▶ [WHAT YOU ARE ASKED TO DO]: Reproduce the listing word for word, leaving every picture behind.

▶ [GIVEN MATERIAL]:
↓

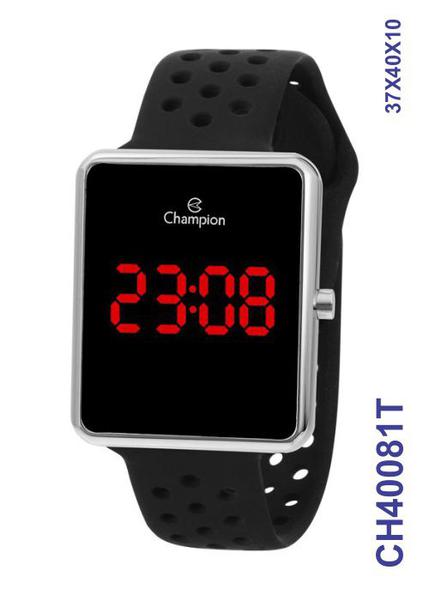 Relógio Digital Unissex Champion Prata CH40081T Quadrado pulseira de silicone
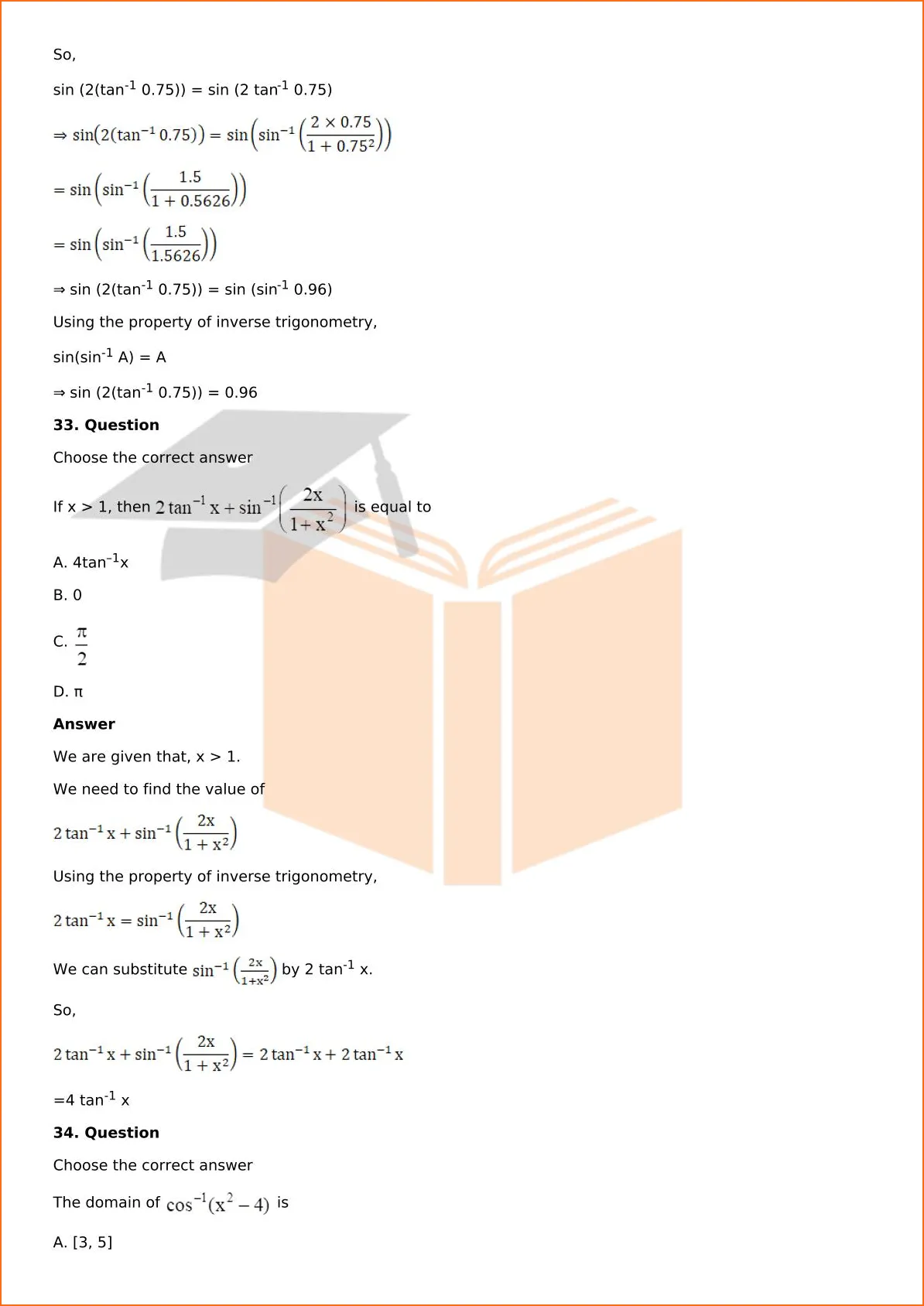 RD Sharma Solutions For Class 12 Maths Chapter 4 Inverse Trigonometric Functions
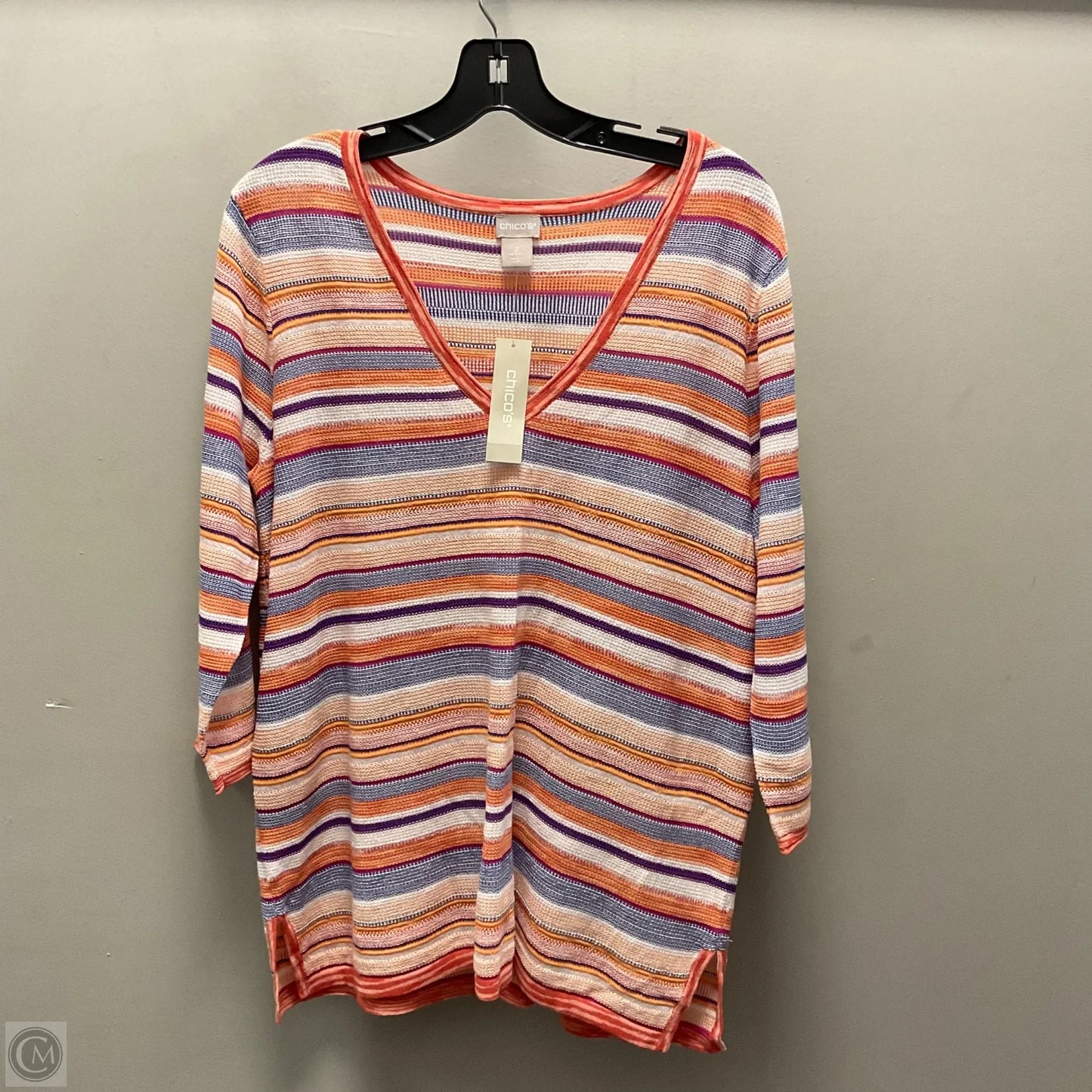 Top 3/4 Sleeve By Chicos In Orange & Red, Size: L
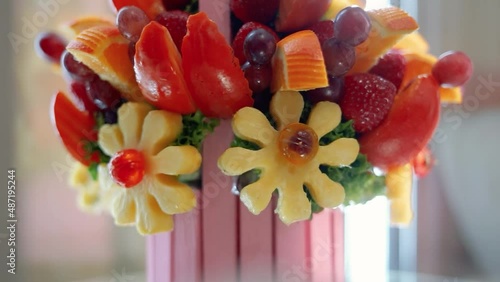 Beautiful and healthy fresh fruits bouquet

↑

▶ [WRITTEN SOLUTION]:
 Relógio Digital Unissex Champion Prata CH40081T Quadrado pulseira de silicone
 RD Sharma Solutions For Class 12 Maths Chapter 4 Inverse Trigonometric Functions
 Top 3/4 Sleeve By Chicos In Orange & Red, Size: L
 Beautiful and healthy fresh fruits bouquet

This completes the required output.